• What is being asked
A complete and exact copy of the data below is the task.

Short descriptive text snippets
•••

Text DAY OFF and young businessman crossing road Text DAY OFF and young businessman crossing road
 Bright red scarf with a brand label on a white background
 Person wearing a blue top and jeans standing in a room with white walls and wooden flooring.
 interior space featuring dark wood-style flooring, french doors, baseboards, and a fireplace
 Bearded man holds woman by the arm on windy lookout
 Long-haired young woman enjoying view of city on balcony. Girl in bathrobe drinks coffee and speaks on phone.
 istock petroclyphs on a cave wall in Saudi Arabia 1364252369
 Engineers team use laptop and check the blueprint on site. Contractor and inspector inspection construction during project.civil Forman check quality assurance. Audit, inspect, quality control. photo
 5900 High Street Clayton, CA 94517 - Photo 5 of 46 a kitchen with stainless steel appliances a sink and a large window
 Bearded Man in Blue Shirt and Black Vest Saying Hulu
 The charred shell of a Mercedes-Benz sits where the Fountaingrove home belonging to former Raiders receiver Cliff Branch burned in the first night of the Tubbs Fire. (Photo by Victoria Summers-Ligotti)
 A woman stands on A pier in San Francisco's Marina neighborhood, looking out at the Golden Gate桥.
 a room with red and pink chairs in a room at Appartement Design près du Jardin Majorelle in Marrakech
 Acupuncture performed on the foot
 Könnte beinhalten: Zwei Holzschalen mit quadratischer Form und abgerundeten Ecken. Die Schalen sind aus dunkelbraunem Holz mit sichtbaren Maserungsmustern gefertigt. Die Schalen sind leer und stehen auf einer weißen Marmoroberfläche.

•••

• Reply to the exercise
Text DAY OFF and young businessman crossing road Text DAY OFF and young businessman crossing road
 Bright red scarf with a brand label on a white background
 Person wearing a blue top and jeans standing in a room with white walls and wooden flooring.
 interior space featuring dark wood-style flooring, french doors, baseboards, and a fireplace
 Bearded man holds woman by the arm on windy lookout
 Long-haired young woman enjoying view of city on balcony. Girl in bathrobe drinks coffee and speaks on phone.
 istock petroclyphs on a cave wall in Saudi Arabia 1364252369
 Engineers team use laptop and check the blueprint on site. Contractor and inspector inspection construction during project.civil Forman check quality assurance. Audit, inspect, quality control. photo
 5900 High Street Clayton, CA 94517 - Photo 5 of 46 a kitchen with stainless steel appliances a sink and a large window
 Bearded Man in Blue Shirt and Black Vest Saying Hulu
 The charred shell of a Mercedes-Benz sits where the Fountaingrove home belonging to former Raiders receiver Cliff Branch burned in the first night of the Tubbs Fire. (Photo by Victoria Summers-Ligotti)
 A woman stands on A pier in San Francisco's Marina neighborhood, looking out at the Golden Gate桥.
 a room with red and pink chairs in a room at Appartement Design près du Jardin Majorelle in Marrakech
 Acupuncture performed on the foot
 Könnte beinhalten: Zwei Holzschalen mit quadratischer Form und abgerundeten Ecken. Die Schalen sind aus dunkelbraunem Holz mit sichtbaren Maserungsmustern gefertigt. Die Schalen sind leer und stehen auf einer weißen Marmoroberfläche.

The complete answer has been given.